The third year the whole family turned up, including the child’s brother. It was, Kobayashi recalls, as if all their personalities had changed: “The parents offered to become group leaders. The boy grabbed the microphone and was urging other kids to dance. It was astonishing, a miracle.”
Kobayashi’s foundation operates on subscriptions from 800 official members, ranging from families to supporters and such corporate donors as Matsushita and Shogakkan.
“We have no foreign corporate supporters right now, but we would be very happy to hear from any one willing to help, either with money or time. We know we are the tip of the iceberg. There are thousands of families all over Japan that need help. But we can only open our hands to those who make the first move.”
Japanese hospitals, he says, are way behind in terms of medical support, compared to the rest of the developed world.
“We need to train volunteers to run recreational rooms in hospitals for chronically ill children. Japanese people are bad at networking laterally; we have to swim against the tide, cut through bureaucracy, fight the regimentation that keeps parents out of wards.”
Imagine. Your child is chronically sick and you are allowed access for only two hours a day. If a hospital is flexible, you can be there all the time, trying to be supportive to a child on, say, a ventilator, but with no backup or relief. “There’s so much resistance to overcome.”
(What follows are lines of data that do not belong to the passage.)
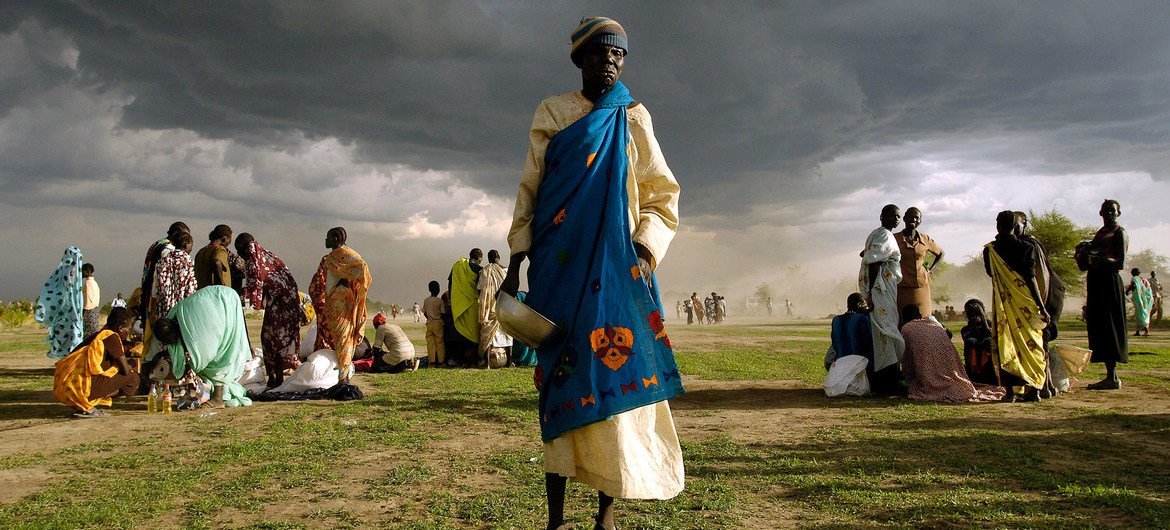 https://www.dabangasudan.org/wp-content/uploads/2023/04/An-elderly-woman-internally-displaced-from-her-home-in-Abyei-in-Sudan-gets-ready-to-receive-her-ration-of-emergency-food-aid-UN-Photo-Tim-McKulka.jpeg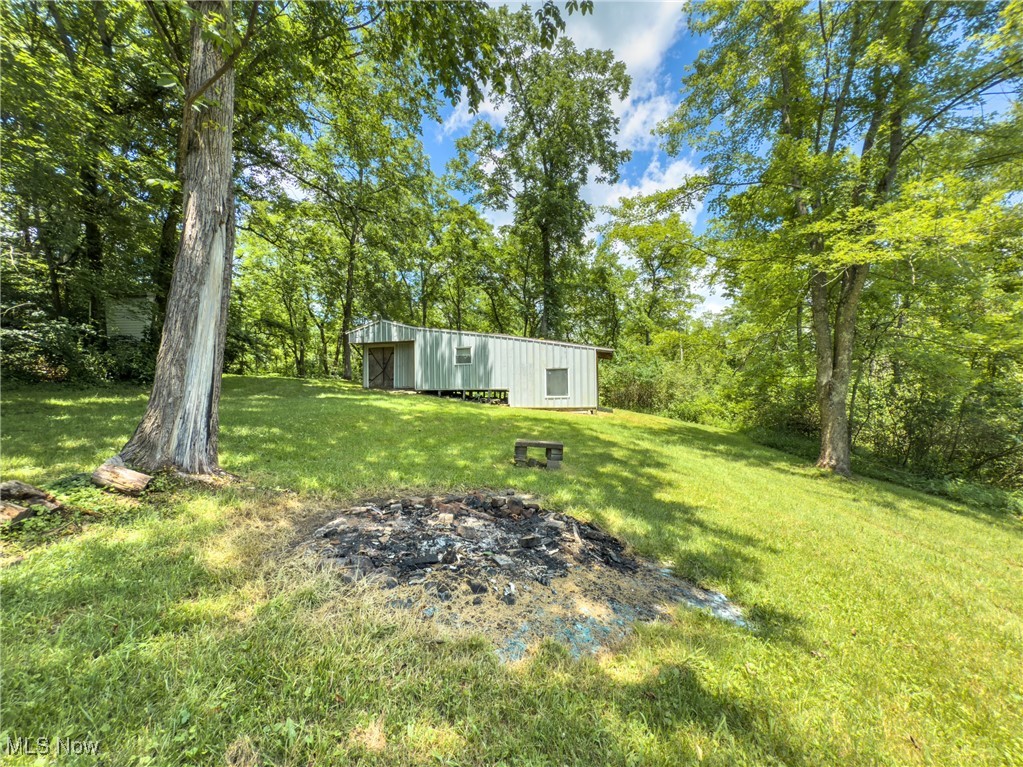 36475 Kinney Ridge Road Woodsfield, OH 43793 - Photo 32 of 50 View of grassy yard with an outbuilding and an outdoor structure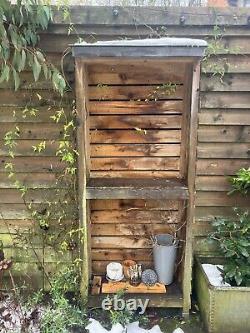 Bespoke Narrow Wooden Log Sore. Lead Roof And Feet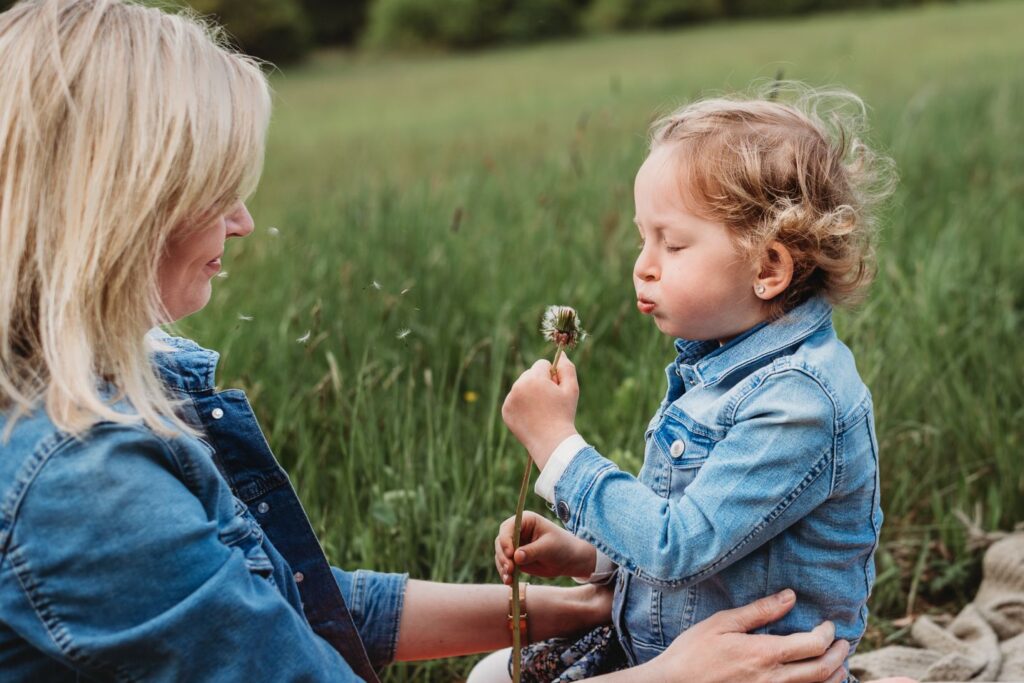 Holčička sedí na matčiných nohách a fouká do pampelišky.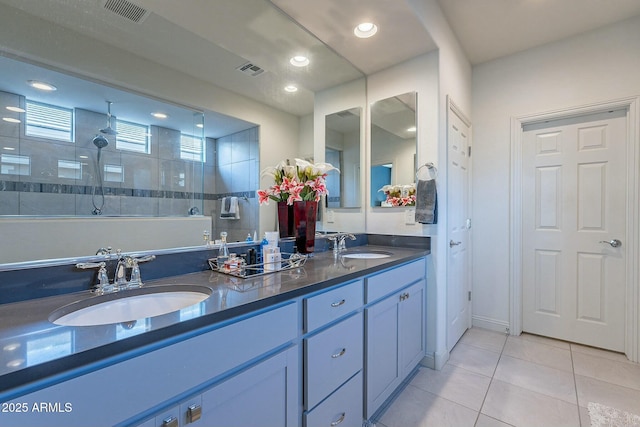 bathroom with vanity, tile patterned floors, and tiled shower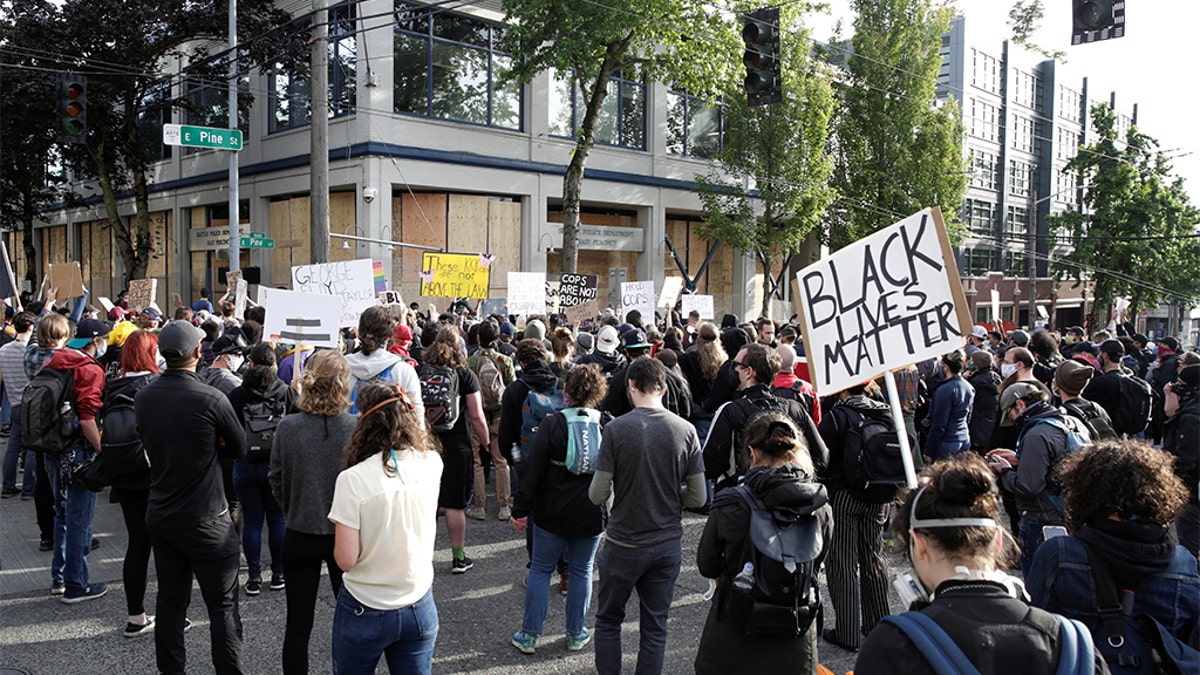 Protesters demonstrate outside the Seattle Police Department's East Precinct after the building was boarded up and vacated and people continue rally against racial inequality and the death in Minneapolis police custody of George Floyd, in Seattle, Washington, U.S. June 8, 2020. (REUTERS/Jason Redmond)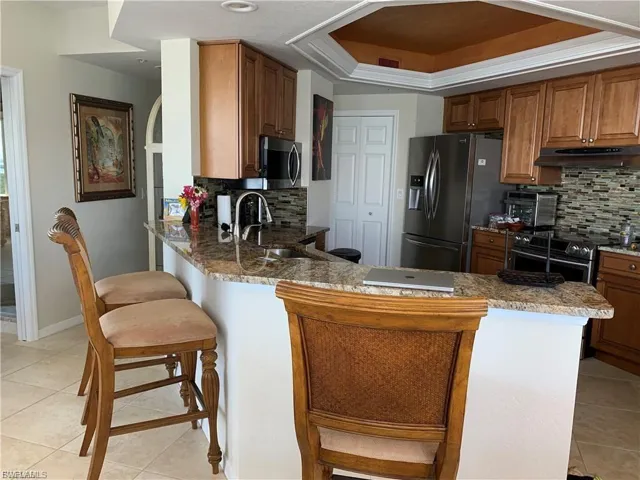 Kitchen featuring brown cabinetry, a kitchen breakfast bar, a peninsula, light tile patterned floors, and backsplash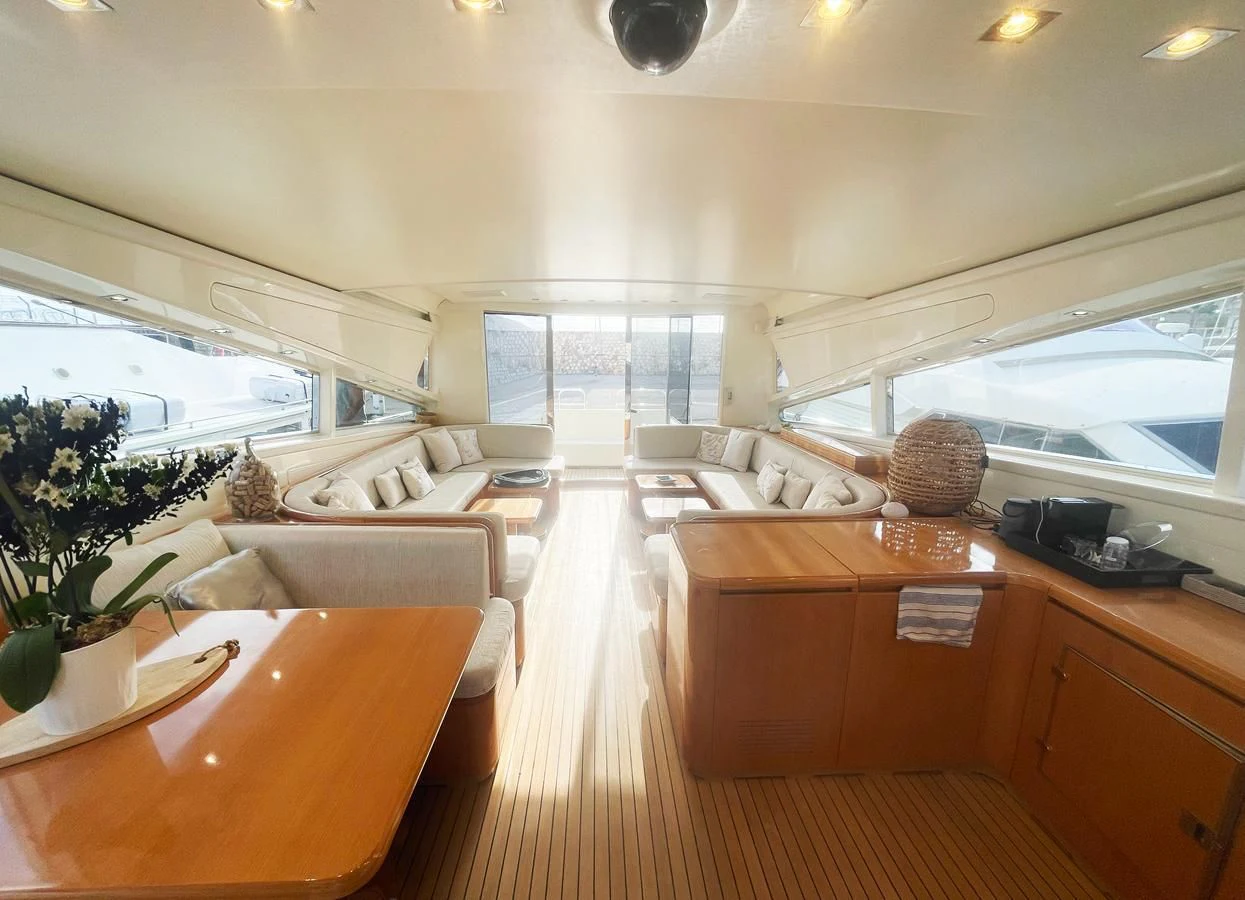 a living room with a wood table and a large window aboard NAISCA IV Yacht for Sale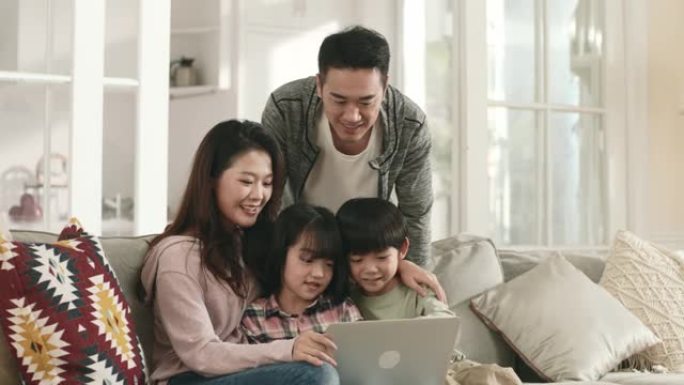 亚洲夫妇和孩子在家里一起使用笔记本电脑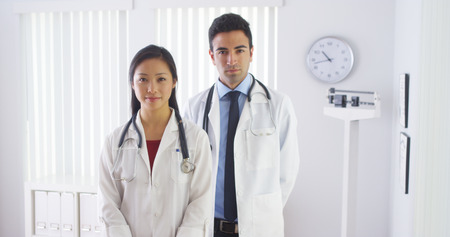 Happy doctors standing in officeの写真素材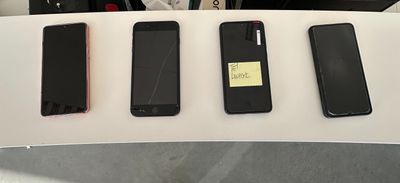 quatre téléphones portables posés les uns à côté des autres sur une table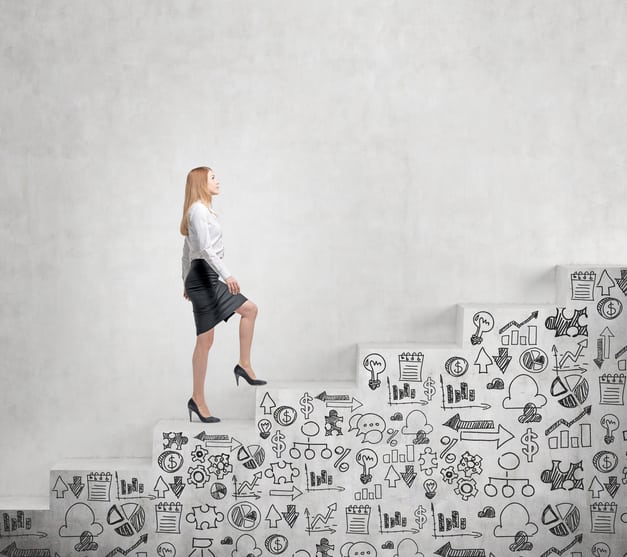 Young businesswoman going steadily up a a concrete stairs with drawn business icons on it along a concrete wall. Concept of career growth. career change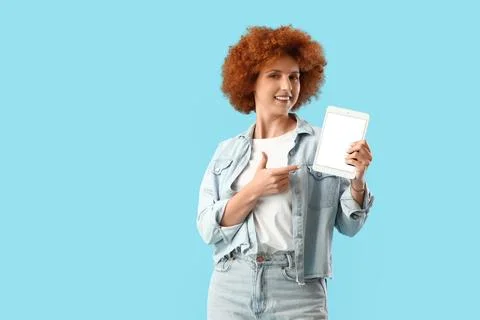 Young female programmer pointing at tablet computer with blank screen on blue Foto stock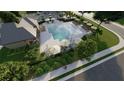 Aerial view of the community pool with lounge chairs, umbrellas, and landscaping at 6236 Kenbrook Dr, Tucker, GA 30084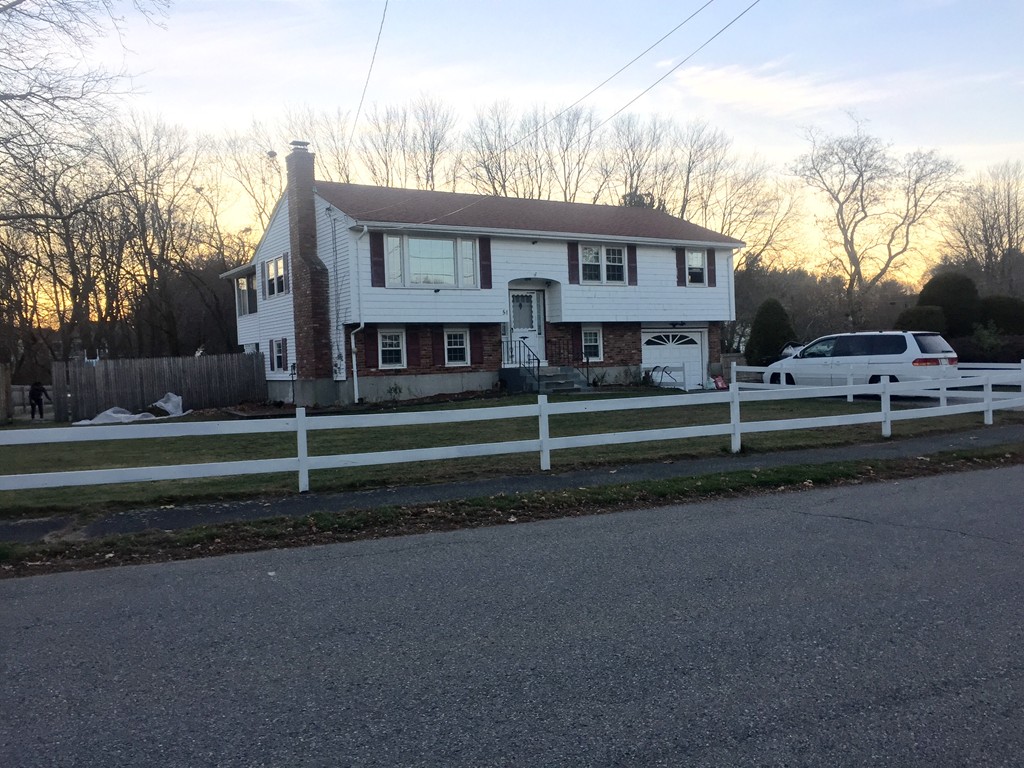 51 Appledor Road Framingham, MA 01701 - Photo 1 of 15 a view of a house next to a yard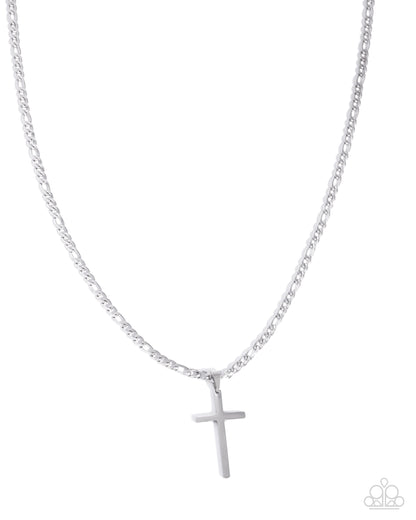 Silver cross necklace on a white background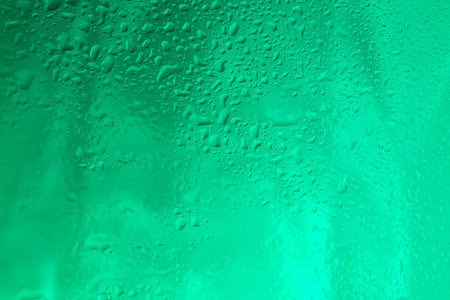 Drops of water droplets on glass raindrops on clear windowの写真素材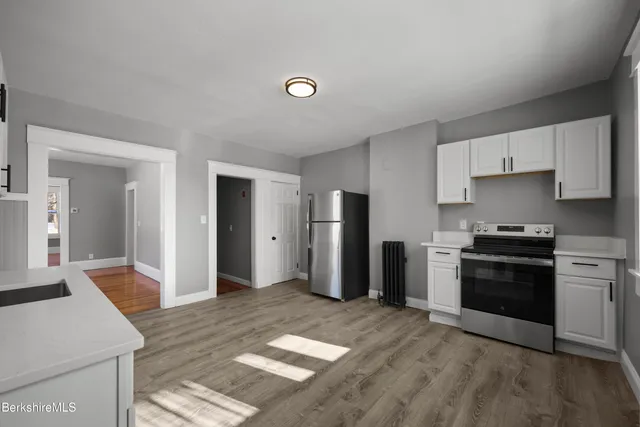 a kitchen with stainless steel appliances granite countertop a refrigerator stove and sink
Having said this, he is admiring and appreciative of one doctor he knows at a big hospital in Kanagawa, who now has an army of volunteers and regular story times and other activities. Such progress, Kobayashi considers, “is a model for Japan.”
In a perfect world, he sees doctors, nurses, parents and local government in collaboration. But as things stand, there is little to no interest even at the local government level. “For now, we must rely on the goodwill and hard work of private citizens.”
In a perfect world, every urban landscape would be barrier free. “In Yokohama’s Naka Ward, for example, I know of only three coffee shops that are conveniently accessible to wheelchairs, where mothers might meet.”
Kobayashi asks us not to be afraid when we come across a family with a chronically sick child, but to smile and be interested. Such simple support helps improve the quality of everyone’s life.
“Such children can look alarming, but they’re not dangerous, just ill. They need your compassion, understanding and help. They’re not contagious.”